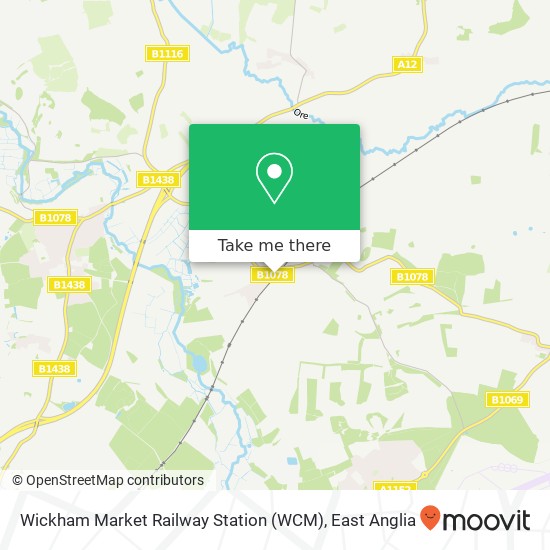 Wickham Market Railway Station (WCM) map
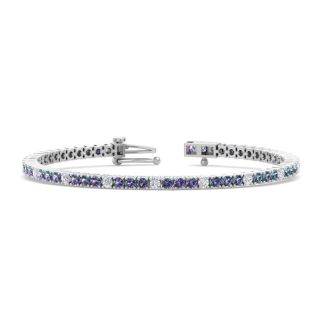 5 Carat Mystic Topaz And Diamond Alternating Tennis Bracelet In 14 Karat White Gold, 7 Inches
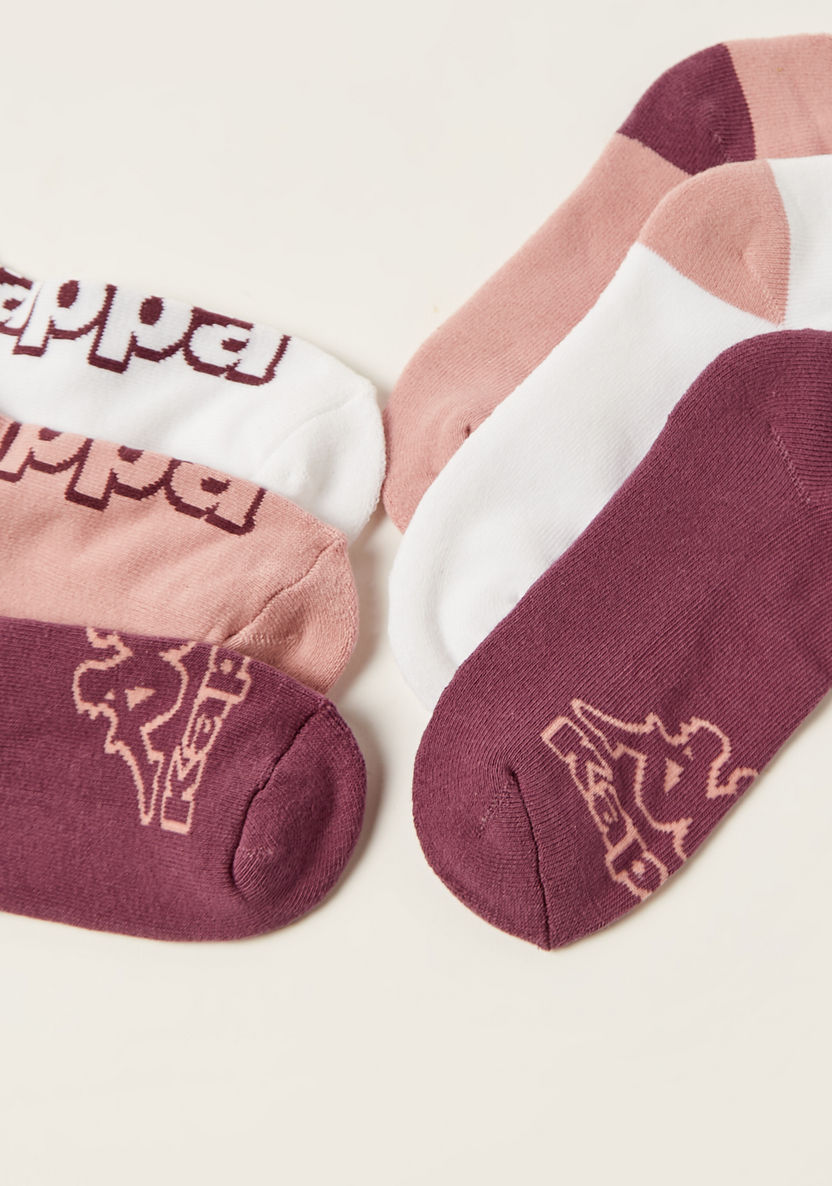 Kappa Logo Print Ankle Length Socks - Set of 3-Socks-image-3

+ + + + + + +

- **ACTION ITEM**:
Write out exactly the lines from the one that contains "5 Carat Mystic" through the last line of the data above, both included. Leave every picture out.

- **TASK RESPONSE**:
 5 Carat Mystic Topaz And Diamond Alternating Tennis Bracelet In 14 Karat White Gold, 7 Inches
 Kappa Logo Print Ankle Length Socks - Set of 3-Socks-image-3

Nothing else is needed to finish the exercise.